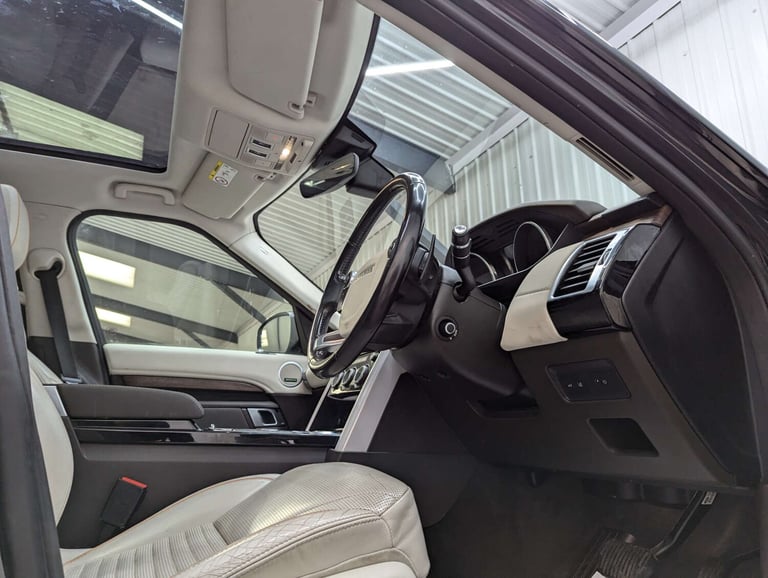 2017 Land Rover Discovery 2.0 Discovery HSE SD4 Auto 4WD 5dr SUV Diesel Automatic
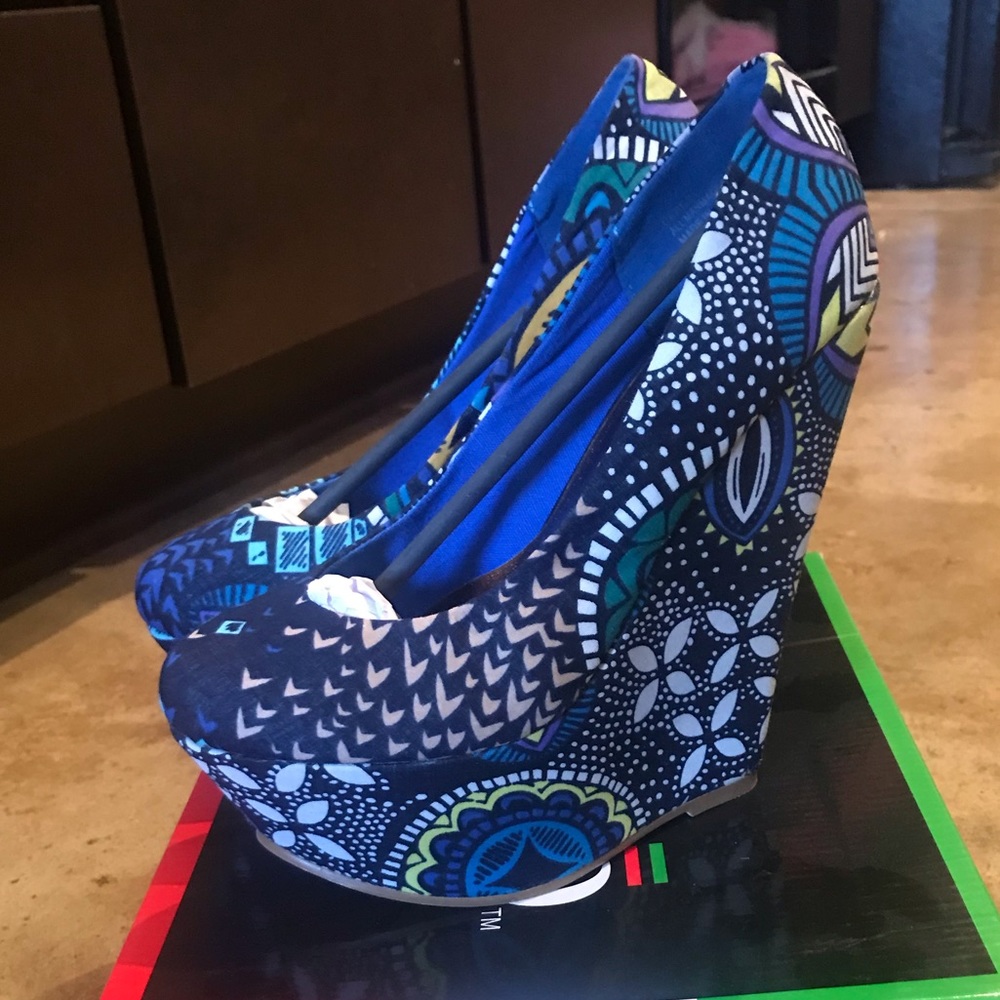 Bucco Printed Fabric Platform Wedges NEW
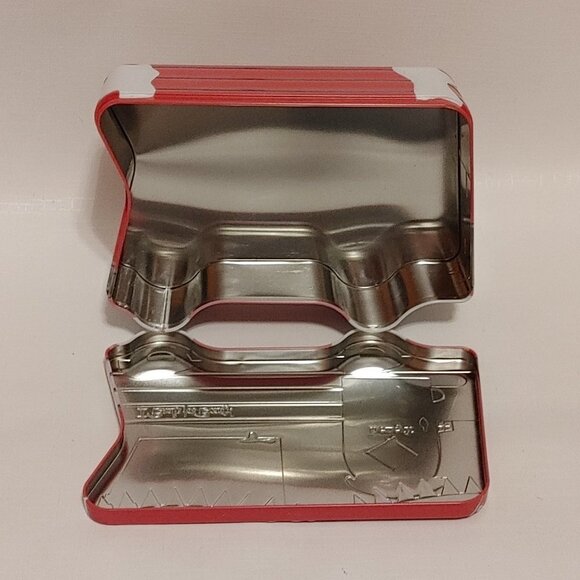 CUTE BENEFIT Cosmetics Camper Van Tin - Picture 5 of 6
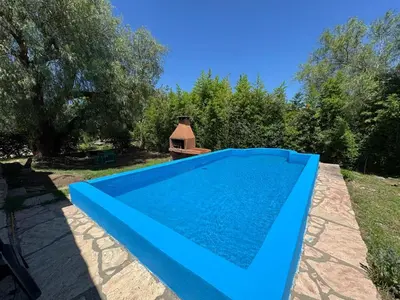 a large blue swimming pool in a yard at CASA PARA 6 PERSONAS MERLO SAN LUIS in Merlo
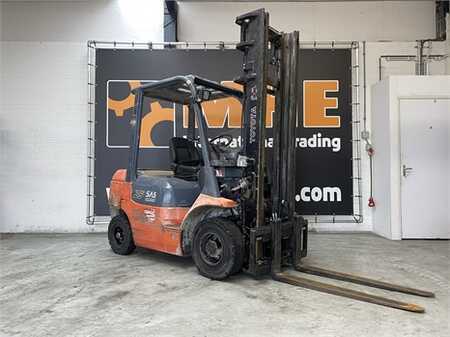 Diesel Forklifts 2004  Toyota 62-7FDF25 (1)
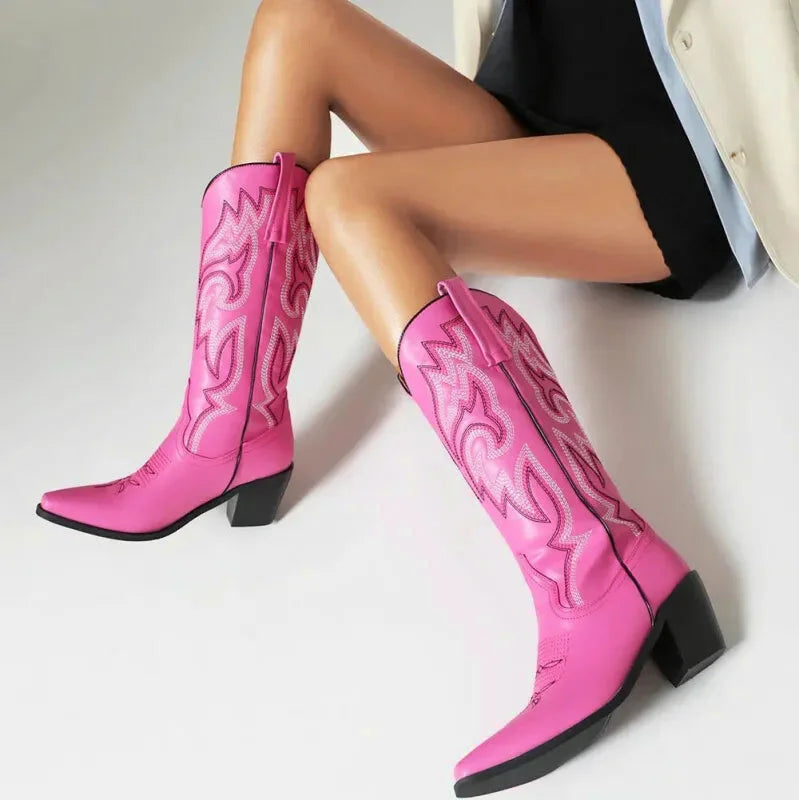 Chaussures santiag pour femme Cecilia Yehaw de couleur rose, style élégant et tendance, vue de côté.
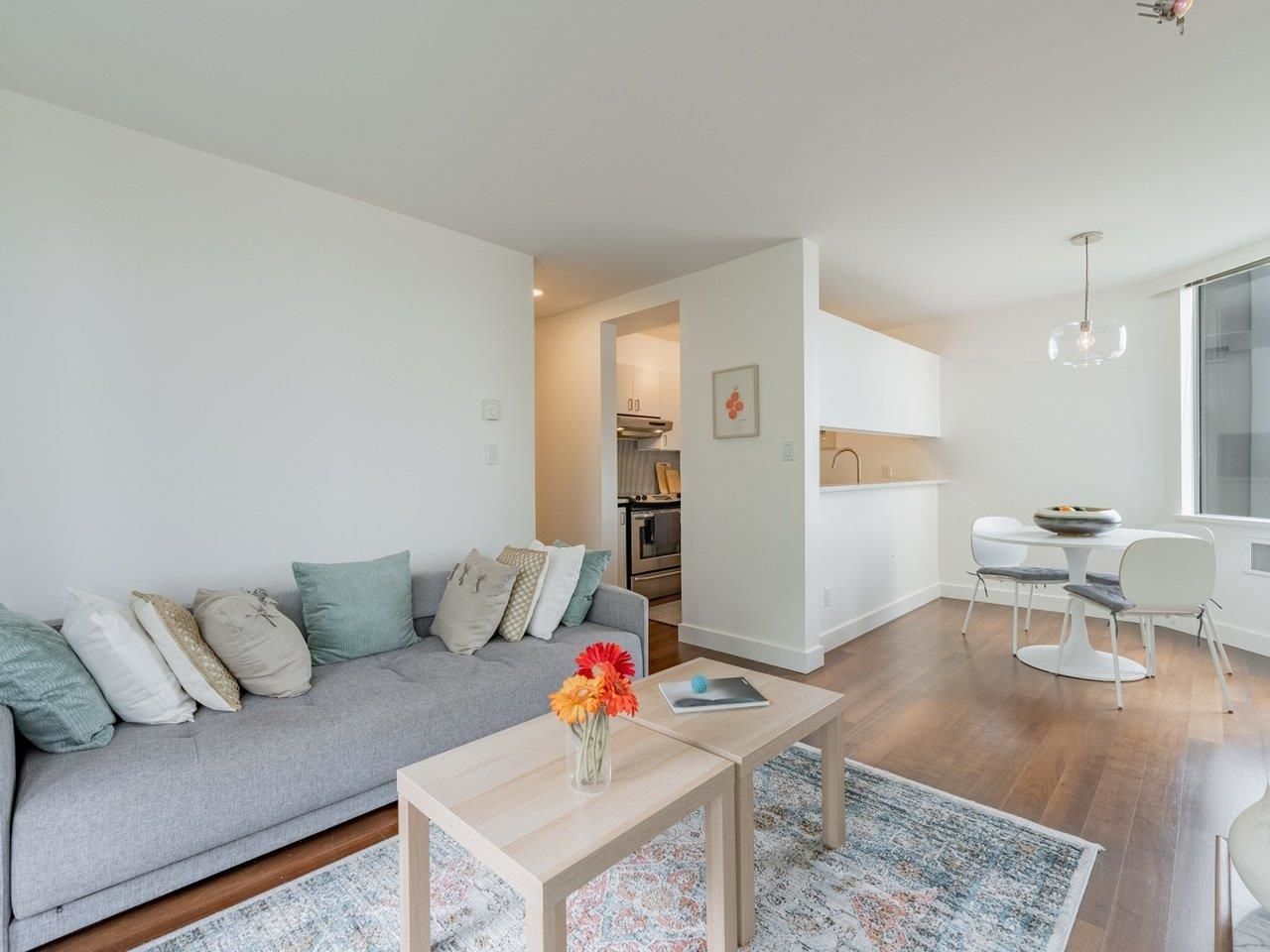 Listing Image 6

ACTIVITY »
Transcribe all of the data above exactly; no picture belongs in the copy.

RESPONSE TO THIS TASK »
 2017 Land Rover Discovery 2.0 Discovery HSE SD4 Auto 4WD 5dr SUV Diesel Automatic
 Bucco Printed Fabric Platform Wedges NEW
 CUTE BENEFIT Cosmetics Camper Van Tin - Picture 5 of 6
 a large blue swimming pool in a yard at CASA PARA 6 PERSONAS MERLO SAN LUIS in Merlo
 Diesel Forklifts 2004  Toyota 62-7FDF25 (1)
 Chaussures santiag pour femme Cecilia Yehaw de couleur rose, style élégant et tendance, vue de côté.
 Listing Image 6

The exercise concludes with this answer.